Millie is still ill, and it’s getting her down a bit


Ooh, bad website writer person. Bad bad bad bad bad.

You no update website at all so far in December!

We all go elsewhere and read proper website.

Ahh, don’t be like that, fellas!  Look, Millie’s been moping around the place like a wet blanket; we’ve been away in Swindon for a long weekend, we’ve had to take time off work to take care of Millie (despite the astonishing amount of money we pay childcare, they just don’t want to know if your child falls ill) and…oh, just everything.

We thought we were doing well yesterday to get the Christmas tree and decorations put up!

Good news is that Millie’s well again, although still on antibiotics; I’m back at work, the Lovely Melanie’s back at work and the girl is safely back at nursery.

It was much worse watching Millie being ill this time, as she was racked by coughing fits and really really unhappy, which is horrible to see.

As with so many things about parenting, I’d never really thought about it before, but watching your daughter hacking away to the point where she’s throwing up her food is not something I want to do again in a hurry.  In some ways it’s almost  worse than when she was born and in the incubator, because at least then she didn’t seem so distressed.

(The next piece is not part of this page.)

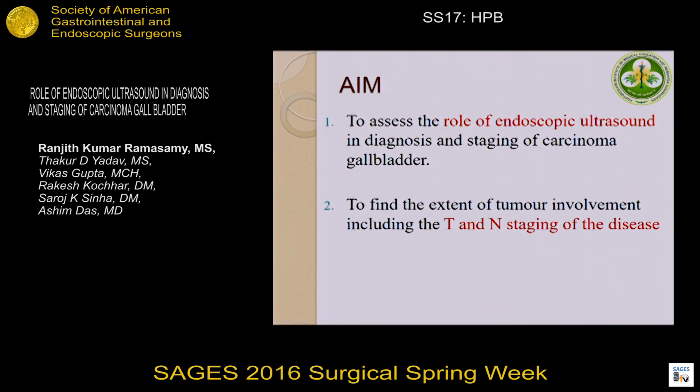The aim of the study is to assess the role of endoscopic ultrasound in staging of carcinoma gallbladder and to find the extent of tumor involvement, including the T and N stage of the disease.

OK, we could have actually lost her at any moment, but that’s a different experience to the more visceral, immediately upsetting prospect of seeing your daughter desperately unhappy and being unable to do anything to help, except give her a hug, rub her head and try to calm her down.

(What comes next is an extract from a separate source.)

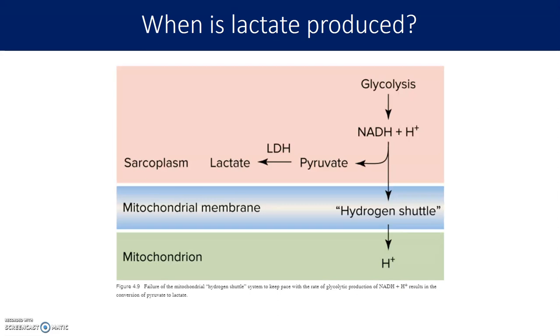So where does lactate come from? When we go through glycolysis, the NADHs need to give up their hydrogens to be restored to NAD and keep glycolysis proceeding. If they can't donate those hydrogens to the mitochondria in aerobic metabolism, then the NADH donates the hydrogens to pyruvate. With the help of the enzyme lactate dehydrogenase, pyruvate is converted into lactate, which gets the hydrogens off the NADH so glycolysis can proceed. Lactate is therefore a byproduct of glycolysis.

Until you’ve seen your daughter’s repreoachful tear-streaked face looking up at you between coughing fits, as if to say, “Come on, daddy, you can do anything – can’t you help me??” then you don’t know what helplessness is.

I’m reminded of the bit in the original Superman movie, when Pa Kent dies and Clark says, “All these powers, all these things I can do, and I couldn’t even save him.”  Because I remember how all-powerful my dad (and mum, but mostly my dad) seemed to me when I was small – he had unbelievable strength, could jump higher than I could stand, run faster than my naked eye could follow, solve any problem in an instant…

Any adult is basically a super-hero to a small child: adults have such utterly unfathomable abilities that, when you’re small, it’s almost impossible to believe that you’ll ever be as mighty as they are.

And then, suddenly, there you are, with the same super abilities yourself, and you don’t feel very heroic at all.

But I digress, as usual.

After almost a week of Millie getting slowly but steadily worse I took her to the doctor’s on Friday (having said the magic words “premature baby” and gotten an emergency appointment).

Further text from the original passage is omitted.